-- Listed records follows --

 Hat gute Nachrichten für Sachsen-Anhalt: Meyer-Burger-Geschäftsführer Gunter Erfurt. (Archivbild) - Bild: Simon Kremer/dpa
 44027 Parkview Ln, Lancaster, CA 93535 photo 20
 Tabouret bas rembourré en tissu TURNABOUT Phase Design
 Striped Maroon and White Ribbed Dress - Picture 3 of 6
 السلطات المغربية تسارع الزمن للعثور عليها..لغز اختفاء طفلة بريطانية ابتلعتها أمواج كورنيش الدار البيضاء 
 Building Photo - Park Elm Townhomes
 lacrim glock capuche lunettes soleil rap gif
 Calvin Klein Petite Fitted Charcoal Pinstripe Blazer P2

-- Listed records concluded --
-- Listed records follows --

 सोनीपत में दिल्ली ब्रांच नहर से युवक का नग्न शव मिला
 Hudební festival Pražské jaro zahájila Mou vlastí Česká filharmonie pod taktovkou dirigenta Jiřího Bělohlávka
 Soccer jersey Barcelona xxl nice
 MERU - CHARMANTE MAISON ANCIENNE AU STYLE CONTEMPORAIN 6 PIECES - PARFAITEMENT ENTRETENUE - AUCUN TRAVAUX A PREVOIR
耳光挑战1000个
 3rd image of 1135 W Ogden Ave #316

-- Listed records concluded --
-- Listed records follows --

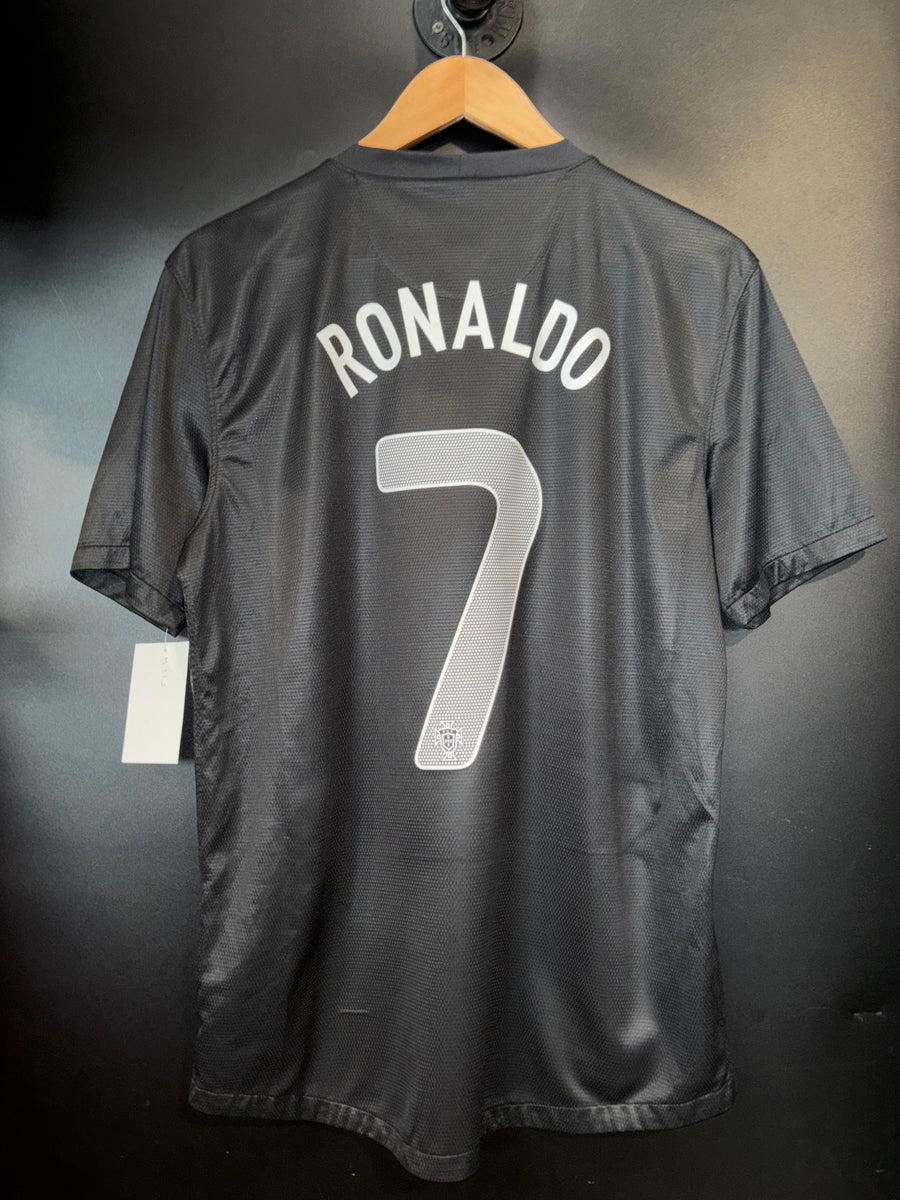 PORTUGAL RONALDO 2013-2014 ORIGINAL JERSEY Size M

-- Listed records concluded --

- Work to be completed:
Print the lines above from the one with "Hat gute Nachrichten" through the one with "Calvin Klein Petite", both included, exactly as written and nothing more.

- Response to the task:
 Hat gute Nachrichten für Sachsen-Anhalt: Meyer-Burger-Geschäftsführer Gunter Erfurt. (Archivbild) - Bild: Simon Kremer/dpa
 44027 Parkview Ln, Lancaster, CA 93535 photo 20
 Tabouret bas rembourré en tissu TURNABOUT Phase Design
 Striped Maroon and White Ribbed Dress - Picture 3 of 6
 السلطات المغربية تسارع الزمن للعثور عليها..لغز اختفاء طفلة بريطانية ابتلعتها أمواج كورنيش الدار البيضاء 
 Building Photo - Park Elm Townhomes
 lacrim glock capuche lunettes soleil rap gif
 Calvin Klein Petite Fitted Charcoal Pinstripe Blazer P2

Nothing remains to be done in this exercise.